Figure 2 shows the area under the ROC curve (AUC) achieved by our model compared to a variant that was trained only with the PA view of each study (the approach used in [6, 7]). We see that in most findings, the performance is similar, but vertebral height loss, consolidation, rib fracture, and kyphosis stand out as findings in which the lateral view improved detection. These findings are expected from a clinical radiographic perspective.

For comparison, we also trained a variant of TextRay with the fully-covered training set, but it achieved significantly lower results in almost all findings (see Supp. material), suggesting that the additional abnormal studies in the any-hit set more than compensated for the higher label noise. Finally, we draw heat maps based on the procedure presented in [7] (presented in Supp. material).

4 Discussion

The extraction of labels from full CXR reports has been recognized as essential for efficient and robust CNN training on large datasets. Shin et al. [8] extracted labels from the 3,955 CXR reports in the OpenI dataset, using the MeSH system [9]. The ChestX-ray14 dataset released by Wang et al. [7] contains 112k PA images loosely labeled using a combination of NLP and hand-crafted rules. Rajpurkar et al. [6] team of four radiologists reported a high degree of disagreement with the provided ChestX-ray14 labels in general, although they demonstrate the ability to achieve expert-level prediction for the presence of pneumonia after training upon a DenseNet121 CNN.

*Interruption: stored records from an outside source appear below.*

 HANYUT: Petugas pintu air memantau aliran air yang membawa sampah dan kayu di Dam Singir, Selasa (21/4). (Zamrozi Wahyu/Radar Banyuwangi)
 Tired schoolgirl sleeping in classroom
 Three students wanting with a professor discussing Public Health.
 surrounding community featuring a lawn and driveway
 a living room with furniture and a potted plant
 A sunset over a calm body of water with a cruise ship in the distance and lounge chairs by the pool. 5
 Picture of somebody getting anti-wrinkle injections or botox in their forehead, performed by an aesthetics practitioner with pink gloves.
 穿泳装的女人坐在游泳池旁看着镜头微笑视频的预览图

Utilizing several public datasets with image labels and reports provided, Jing et al. [10] built a system that can generate a natural appearing radiology report using a hierarchical RNN. The high-level RNN generates sentence embeddings that seed low-level RNNs that produce the words of each sentence. As part of their report generation, they also produce tags representing the clinical finding present in the image. Interestingly, the model trained using these tags and the text of the reports did not predict the tags better than the model that was trained just using the tags. The ultimate accuracy of the system however remains poorly defined due to lack of clinical radiologic validation.

To the best of our knowledge, the present study is the first to utilize extensive radiology expertise for both multi-label generation and visual validation of algorithmic results. Study labels were generated bottom-up via ontology-based methodology which was rooted in the text rather than pre-existing categories or tags (i.e. MeSH). We trained upon the largest dataset of CXRs described to date, achieving results on twelve distinct visual findings which are on par with inter-radiologist agreement and in some cases, better.

5 Conclusion

In this work we attempt to broadly cover all findings radiologists usually report when reviewing a PA and Lateral chest X-ray. Since a relatively small set of sentences is heavily re-used in CXR reports, we were able to generate organic labels for millions of reports by examining and indexing twenty thousand individual sentences. This massive amount of data allowed us to obtain radiology-level detection performance on various of findings using a single model, in essence distilling the insight of millions of radiographic interpretations into software code. Application of a similar technique upon AP chest X-ray scans, musculoskeletal and abdominal radiographies is currently ongoing.